The silence in the logs speaks louder than the code. On July 17, 2025, San Francisco voters rejected Proposition D, a proposal that was widely expected to pass. The defeat, under the leadership of Mayor Daniel Lurie, signals a shift toward the political center in a city long considered the fortress of progressive taxation and regulation. For the crypto industry—whose lifeblood flows through the servers and boardrooms of this coastal hub—the event has been hailed as a turning point. A thaw in the frosty regulatory climate. A chance for blockchain to breathe.
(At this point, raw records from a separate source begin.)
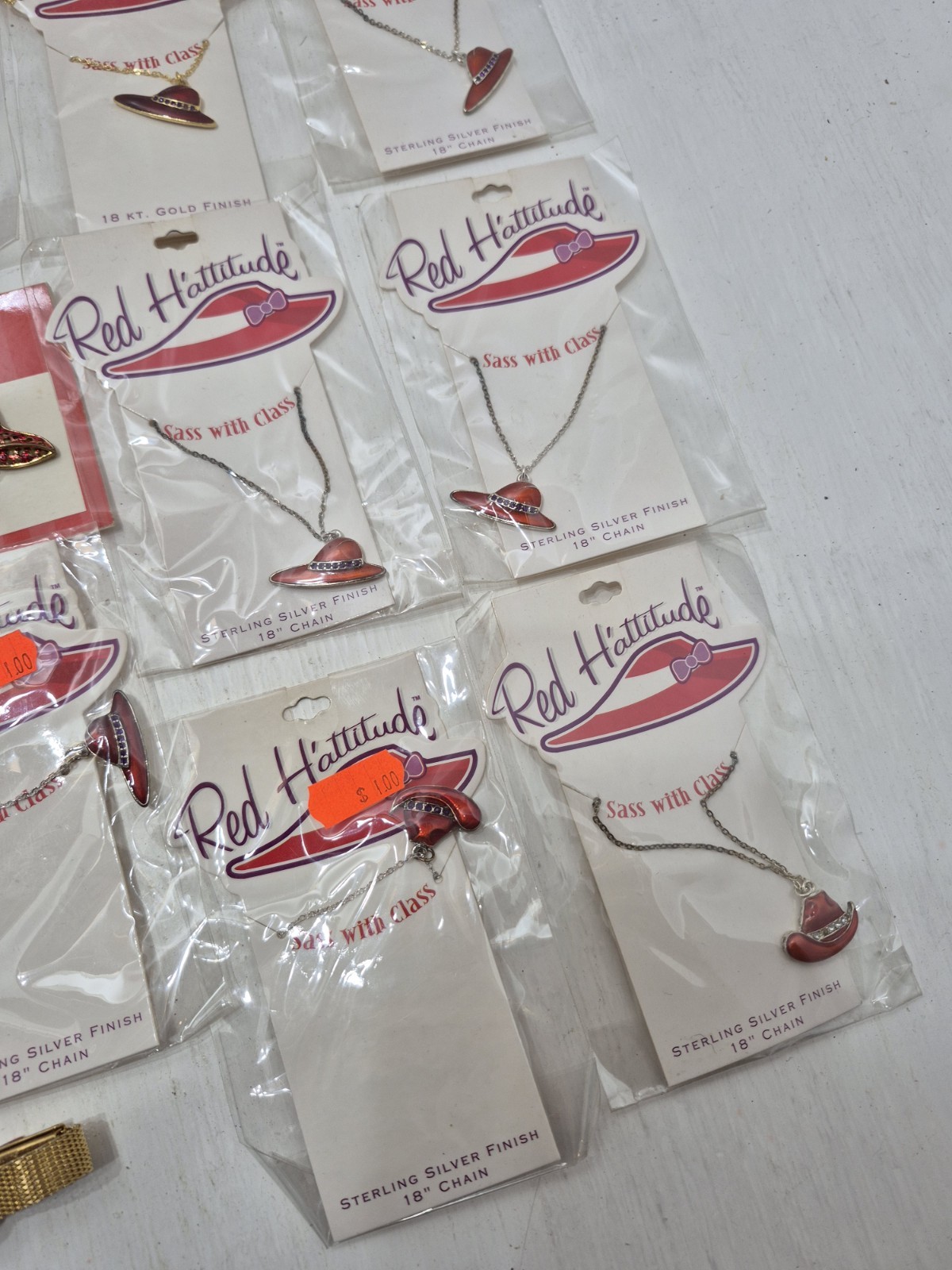 Lot Vintage Red Hat Society Brooch Pin Necklace Earrings Bracelets NOS Jewelry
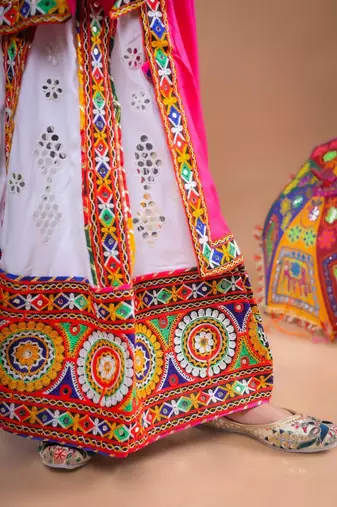 Multicolor color embroidered work rayon navratri kids-lehenga-choli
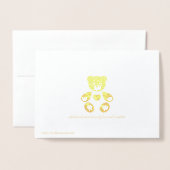 Wenskaarten van Baby van Beer van goudolie Folie Kaarten (Met envelop)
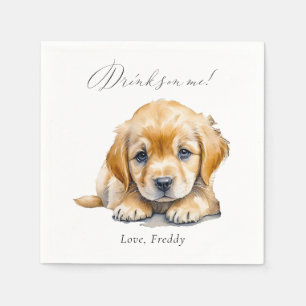 Drinks On Me Simple Cute Photo Fun Pet Dog Wedding Napkin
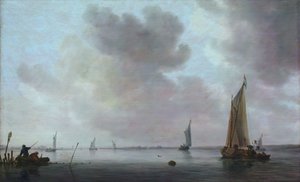 Vissersboten bij een Estuarium, 1633 door Jan van Goyen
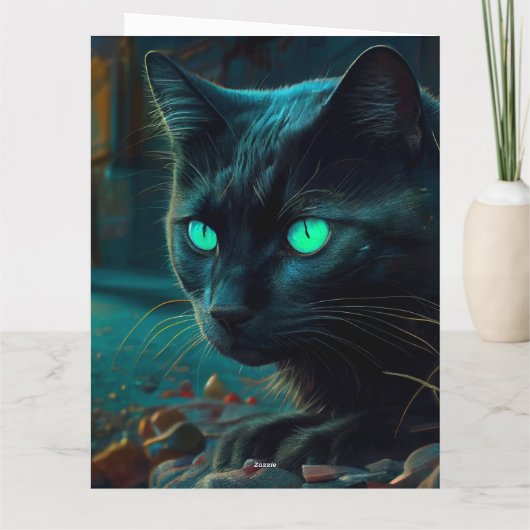 Zwarte Kat Kerstkaarten Kaart (Achterkant)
But I have spent 22 years dissecting protocols that failed because their operators mistook market sentiment for security. Political shifts are no different. A single ballot result is not a system upgrade; it is a configuration change in a governance contract with zero audit trails. The real question is not whether San Francisco has moved right, but whether the underlying incentives that drove crypto firms to flee in the first place have been patched at the root level.

Let me explain. Proposition D was marketed as a modest tax adjustment to fund public services. Its defeat is being interpreted as a rejection of the progressive agenda that has dominated San Francisco politics for the past decade. Mayor Lurie, a moderate Democrat, campaigned on a platform of fiscal restraint and business-friendly policies. The crypto press has already begun speculating about a "return to innovation": venture capital firms reopening offices, startups reconsidering relocations to Miami or Austin, and the local regulatory climate softening.

But here's where my forensic skepticism kicks in. Every exploit is a confession written in gas fees, and every political promise is a vulnerability waiting to be exploited. The defeat of Proposition D is not a structural correction; it is a temporary fork in a governance layer that remains fundamentally unstable. The deeper issue is that San Francisco's political system—like many on-chain DAOs—suffers from an attack vector known as "majority rule without checks." A single election cycle can reverse any progress, and the same electorate that rejected D today could embrace an even more aggressive measure tomorrow.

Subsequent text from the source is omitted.